Acting on two petitions filed by the Human Rights Alert, Manipur and the Extra-Judicial Execution Victim Families Association Manipur, the Inquiry Commission set up by the highest Court of the land, the Supreme Court on January 4 to probe the first six of more than 1,500 cases listed in the petitions. The six cases had been chosen at random after the two organizations pleaded for an independent probe into the killings. Given the nature of various forms and nature of commissions and investigations in the state with regard to many earlier cases of fake encounters, there was a degree of hope tinged with worries over the working of the Commission. The hope came from the fact that the Commission was instituted by the Supreme Court and is made up of three very distinguished persons with Retired Supreme Court Justice N Santosh Hegde heading as Chair and former Chief Election Commissioner JM Lyngdoh and Retired DGP of Karnataka Police Ajay Kumar Singh as Members.
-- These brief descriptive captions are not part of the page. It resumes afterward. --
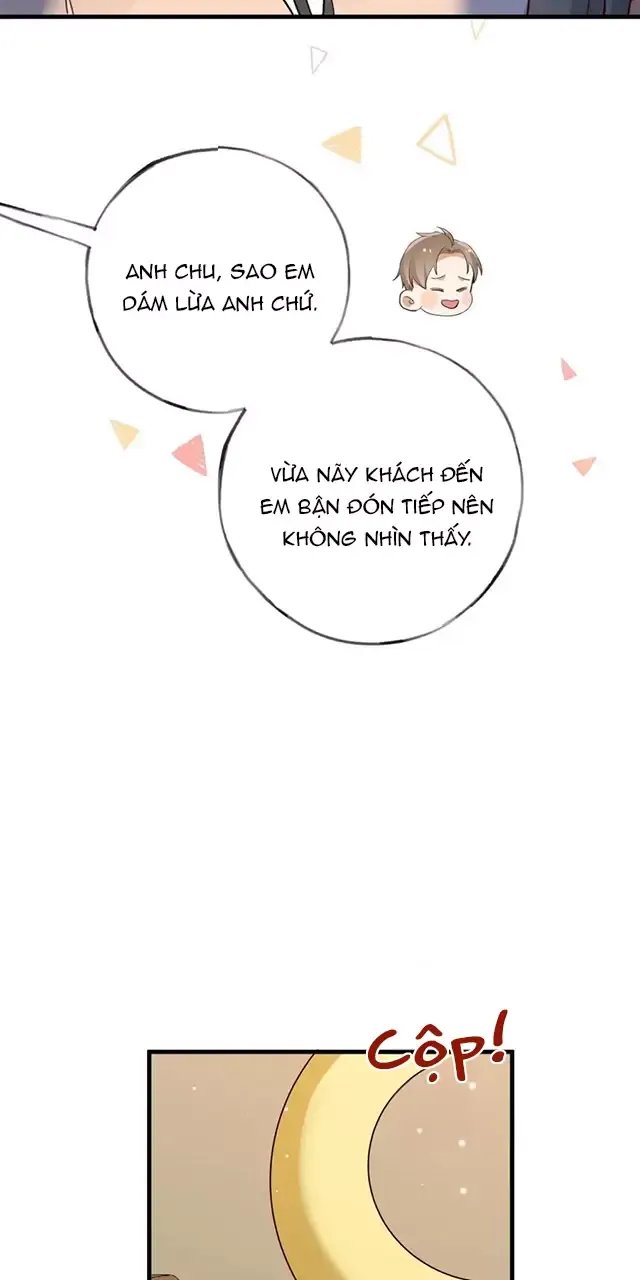 Bạch Nguyệt Quang Luôn Muốn Độc Chiếm Tôi Chapter 76 - Trang 2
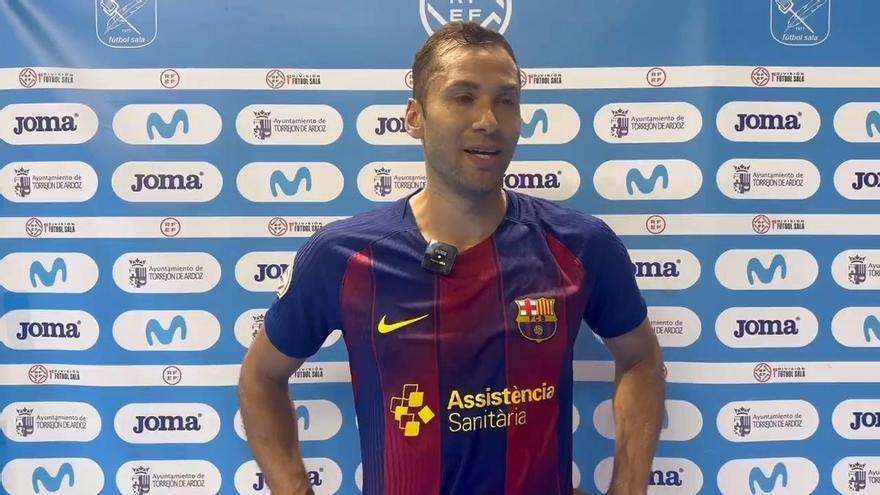 Pito: "Queremos levantar la Copa"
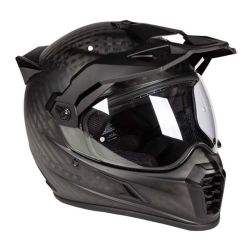 KLIM KRIOS PRO HELMET ECE/DOT SOLID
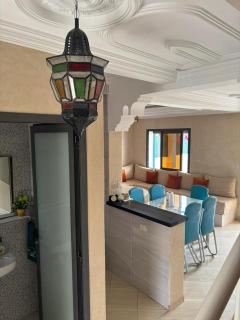 TAFOUKT Beach House - 2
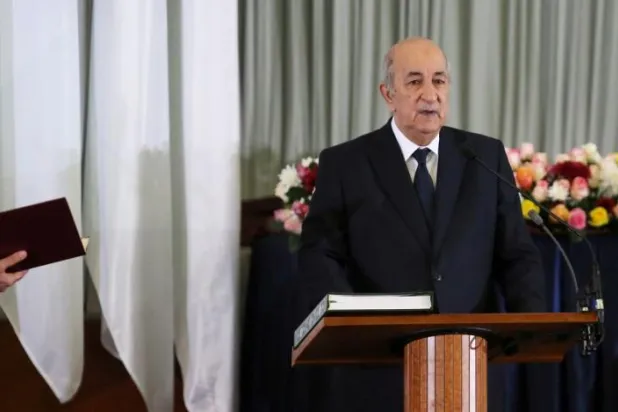 Cezayir’den işsizlik ödeneklerine ilişkin adım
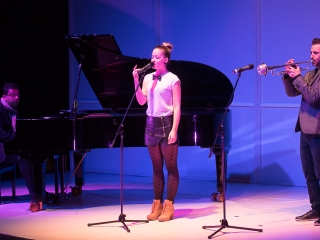 Jótékonysági gálaest Pecsét István javára - fotó: Ónodi Zoltán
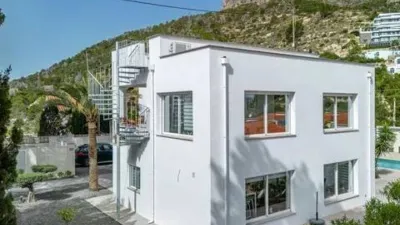 Chalet in Las Adelfas-Benicolada-Garduix photo 67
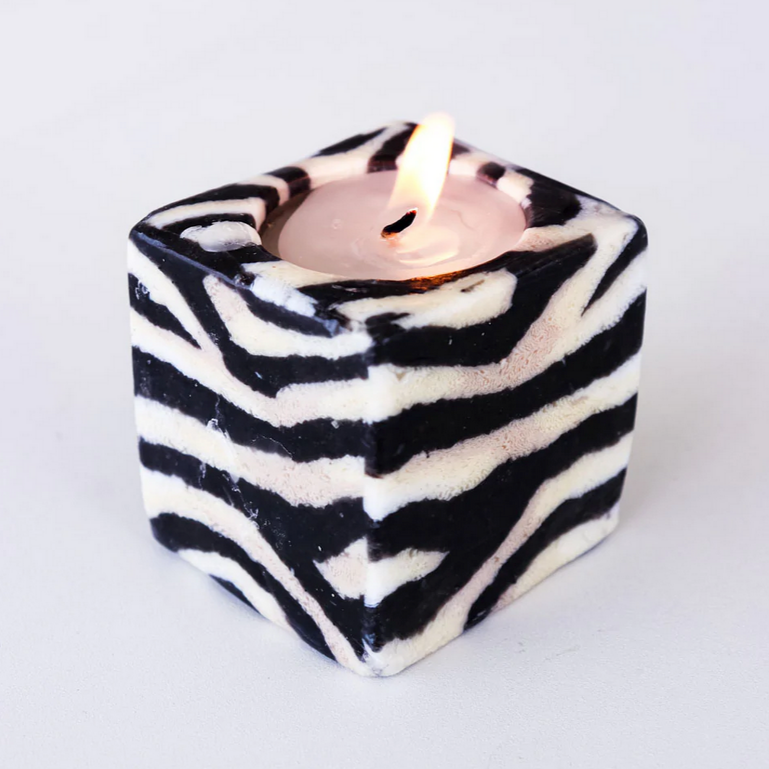 Swazi Candle Set - FMSCMarketplace.org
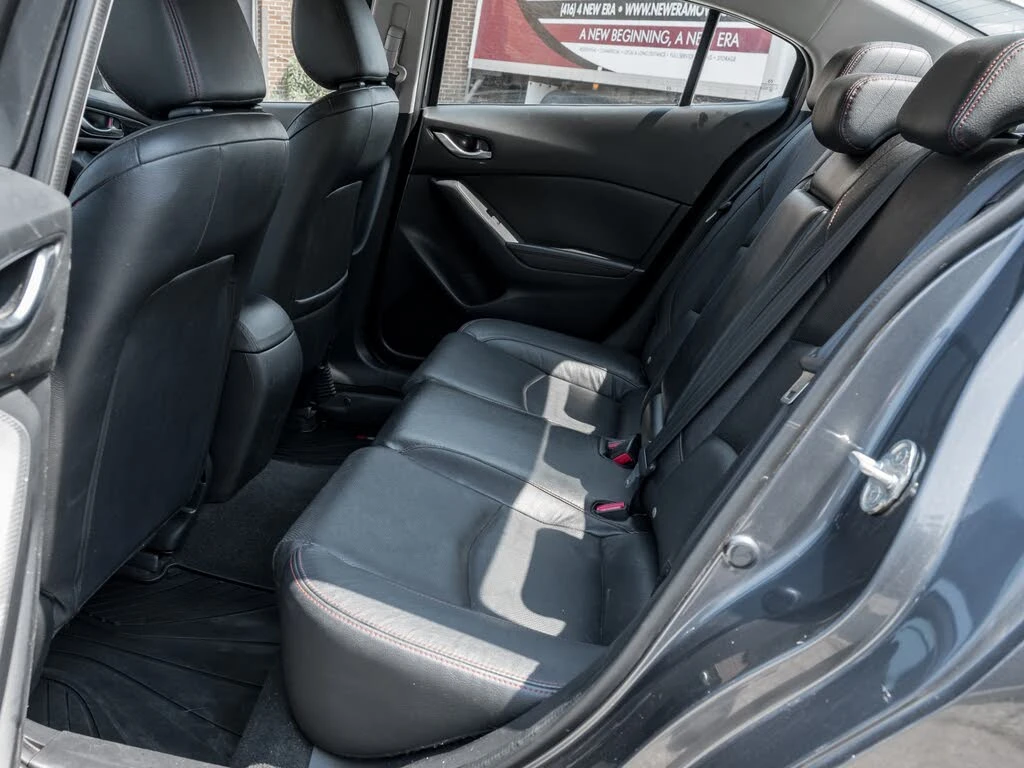 Mazda 3 GT* ����������* (���� �� ��) | Mobile.bg � ����������� 16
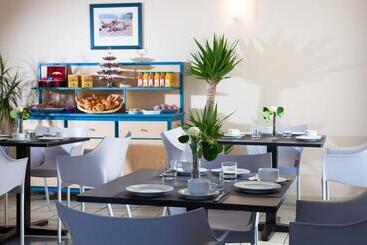 هتل Residence Biarritz Ocean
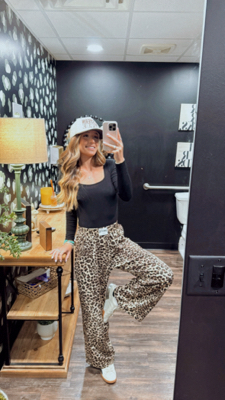 Maddie W - Blinn College Babysitter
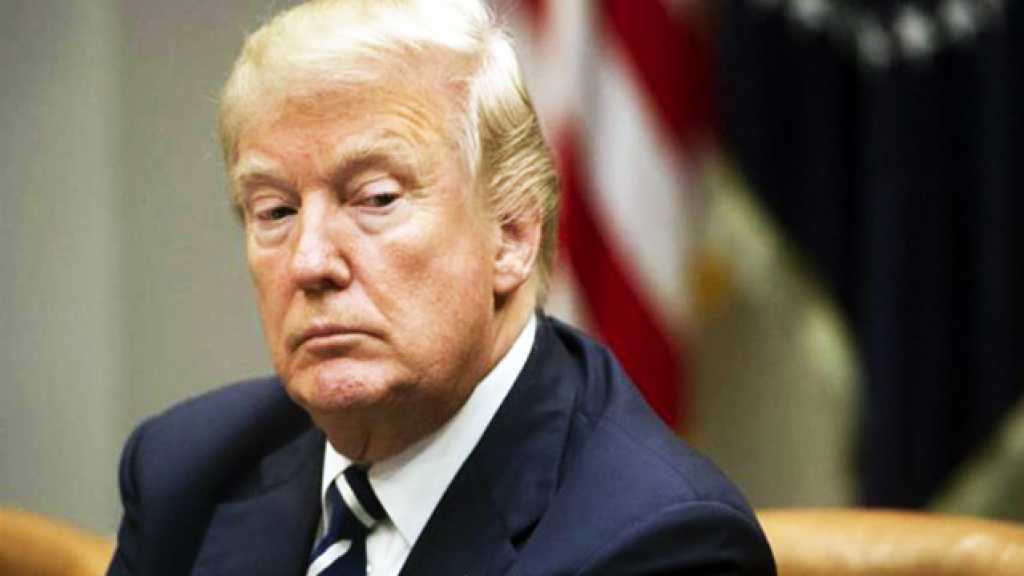 بين رسائل ترامب وزيارة بولتون: &rsquo;تل أبيب&rsquo; تعيش القلق!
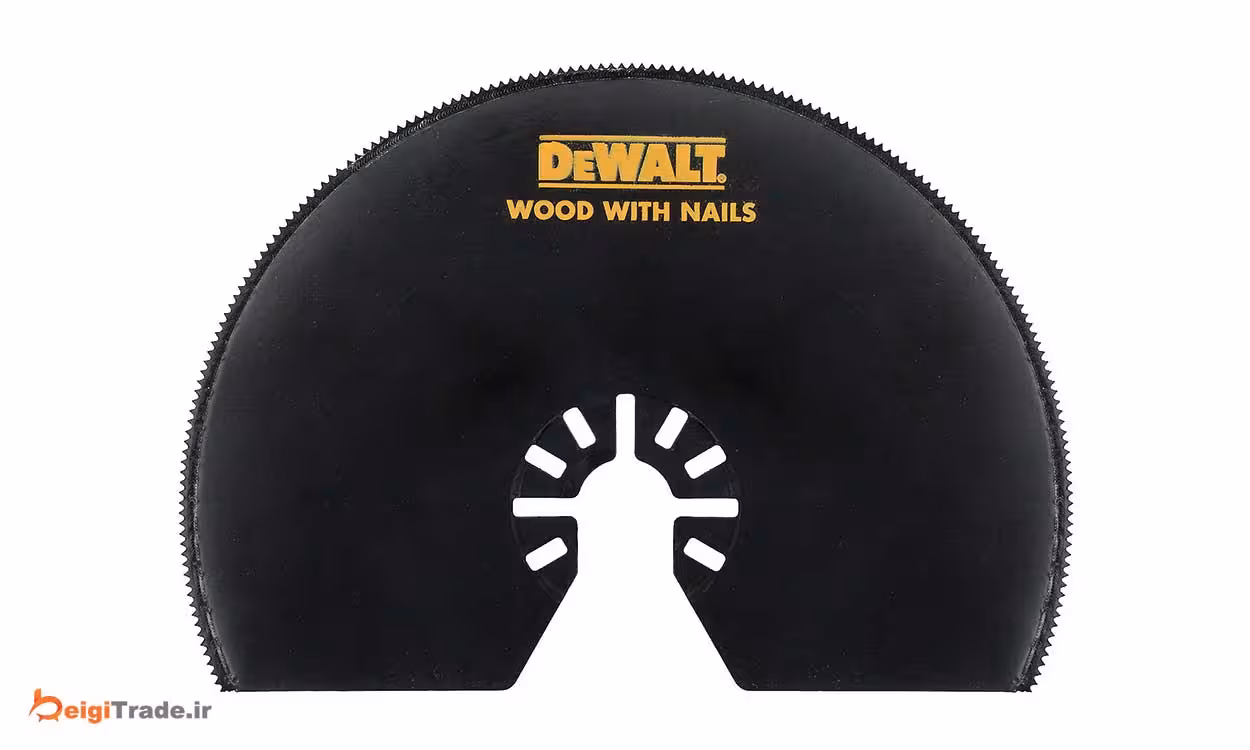 تیغه ابزار دیوالت مدل DT20708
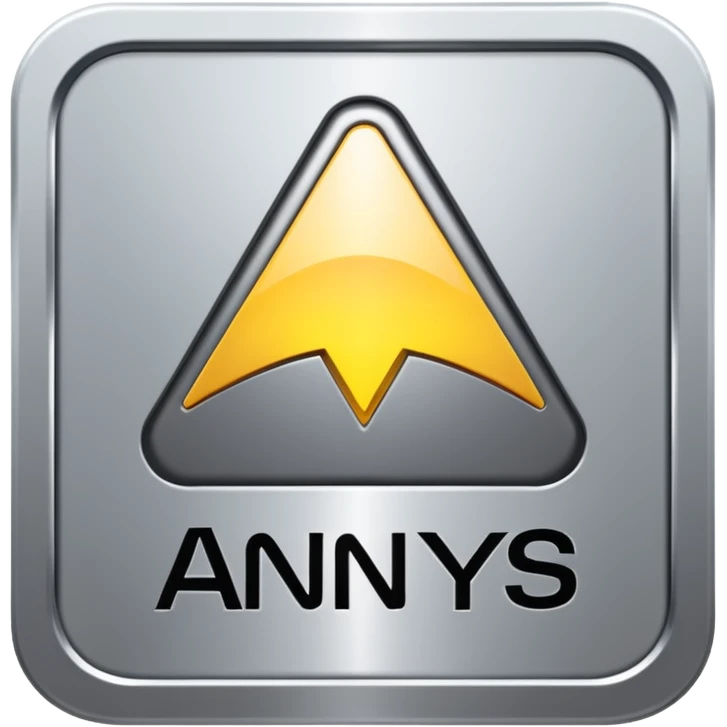 Ansys emoji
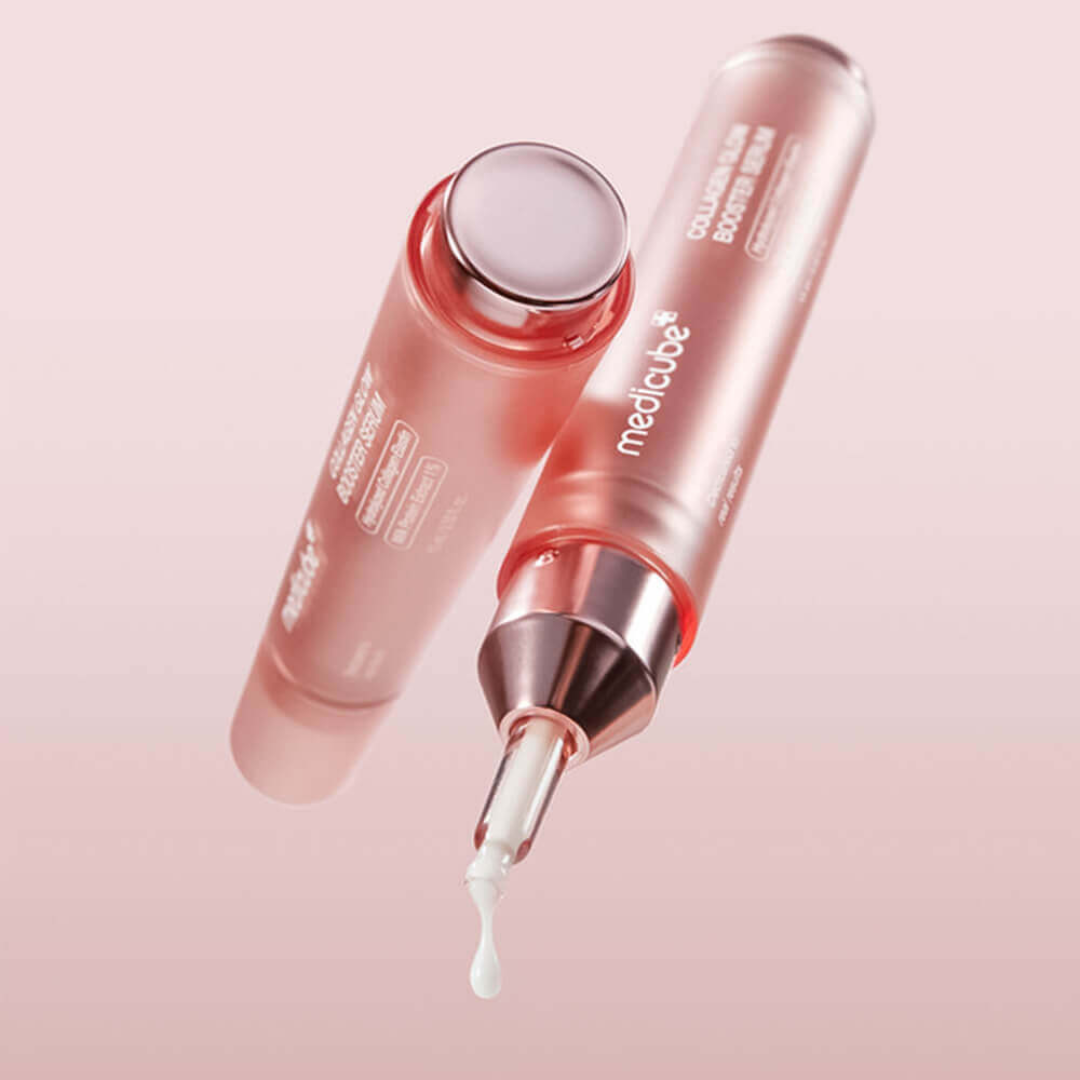 Medicube Collagen Glow Booster Serum 15ml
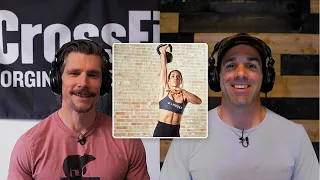 Varied Not Random #162: Has the Kettlebell Snatch been forgotten?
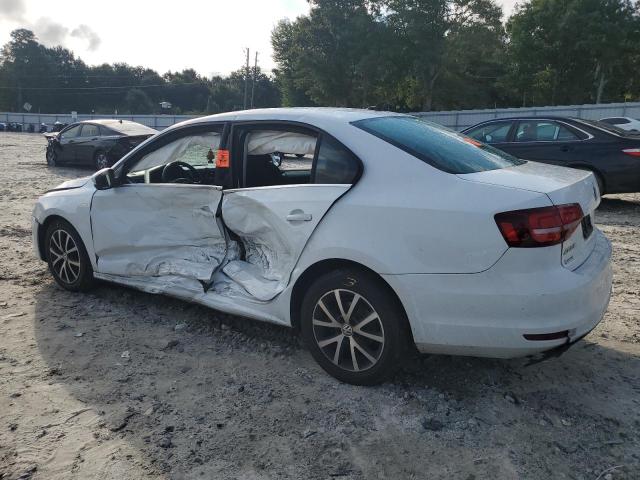 2017 VOLKSWAGEN JETTA SE 3VWDB7AJ8HM242049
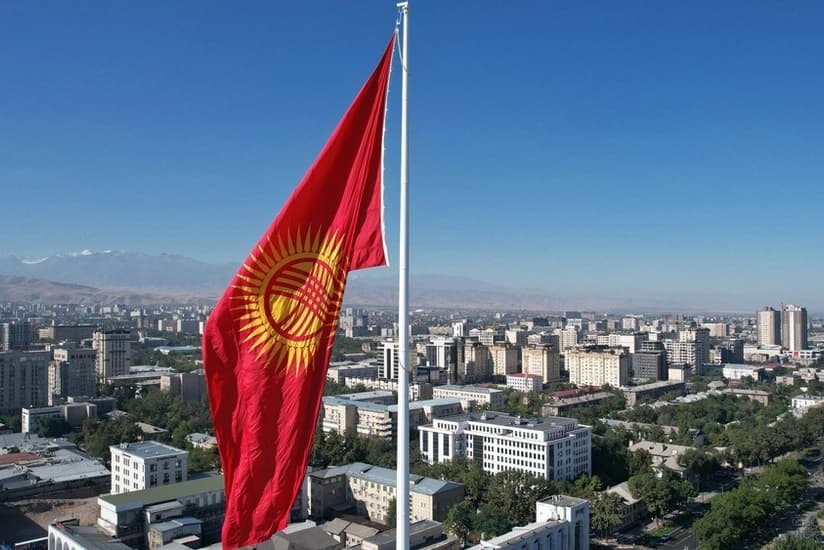 Qırğızıstanda nələr baş verir? – Qırğız politoloq açıqladı Qırğızıstanda nələr baş verir? – Qırğız politoloq açıqladı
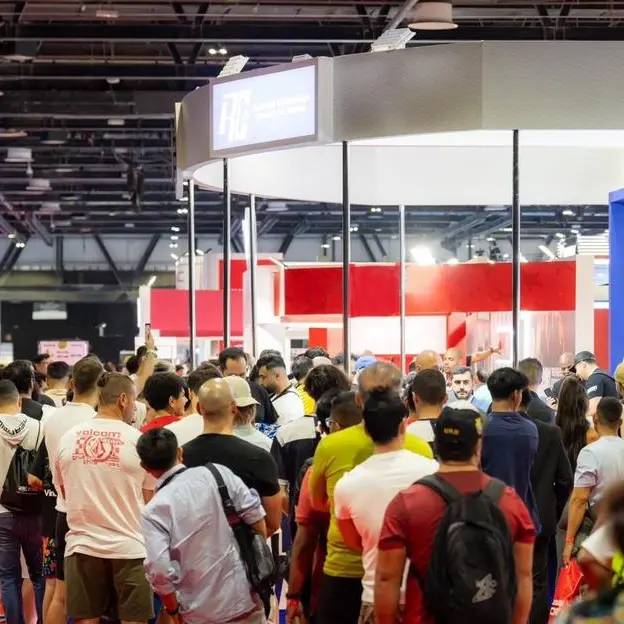 IEG: Record editions of fitness and wellness exhibitions come to a close in São Paulo and Dubai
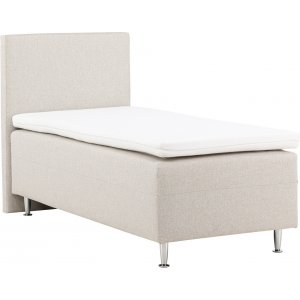 Mesa seng 90 x 200 cm - Beige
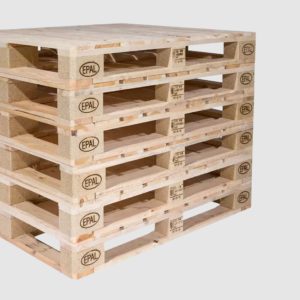 Used Pallets For Sale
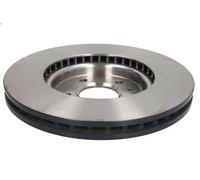 1X Disco de freno TRW DF6260S para OPEL ASTRA J GTC 2 2012-2015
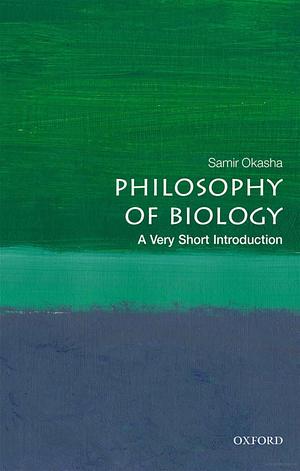 Philosophy of Science: A Very Short Introduction by Samir Okasha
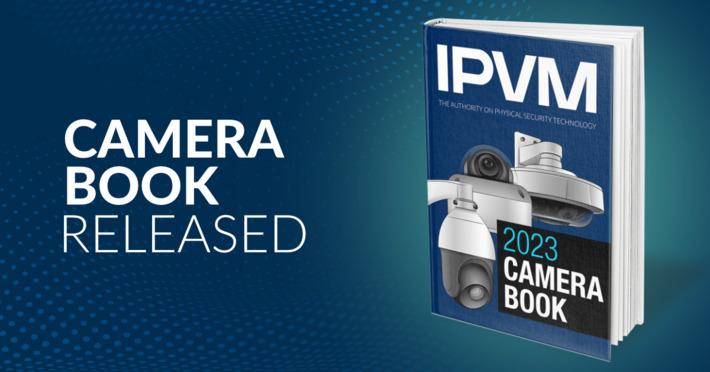2023 Camera Book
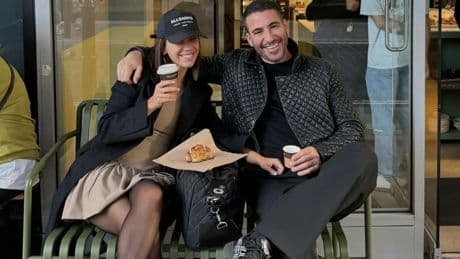 Rebeca Toribio confirma su ruptura con Miguel Ángel Silvestre: &quot;Siempre seremos familia&quot;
The worries were over the nature of abrupt preparations and intimations of information regarding proceedings of the Commission but they have been put at rest after the Commission have begun its sitting in Imphal.
The six cases taken from the total list of over 1500 cases submitted by Human Rights Alert, Manipur and the Extra-Judicial Execution Victim Families Association Manipur are not surprisingly similar in nature: people being killed after being picked up by Assam Riffles and Manipur Police Commandos. The six cases chosen are Kh Orsonjit (19) of Sega Road Konjeng Hazari Leikai, killed by Manipur Police Commandos in 2010; Y Kumarjit (18) of Irom Meijrao killed in 2009; Ch Umakanta (24) of Iroishemba Mamang Leikai killed in May 2009; E Kiranjit (22) of Thoubal Haokha killed in April 2009; N Govind alias Dhopa (25) of Bashikhong Mamang Leikai killed in April 2009 and Md Azad Khan (14) of Phoubakchao Makha Leikai killed in March 2009. Interestingly, it is the nature and existence of the police commandoes as an entity that will be worth a watch, starting from whether there were any official channel that led to its existence and how the chain of operation and command functions. In matters of Army personnel being tried by a civil court, the impunity if the Armed Forces Special Powers Act has led to the forces being mostly protected in various other cases but in matters of the Supreme Court, there can be actions if the Court finds merit in giving them due punishment.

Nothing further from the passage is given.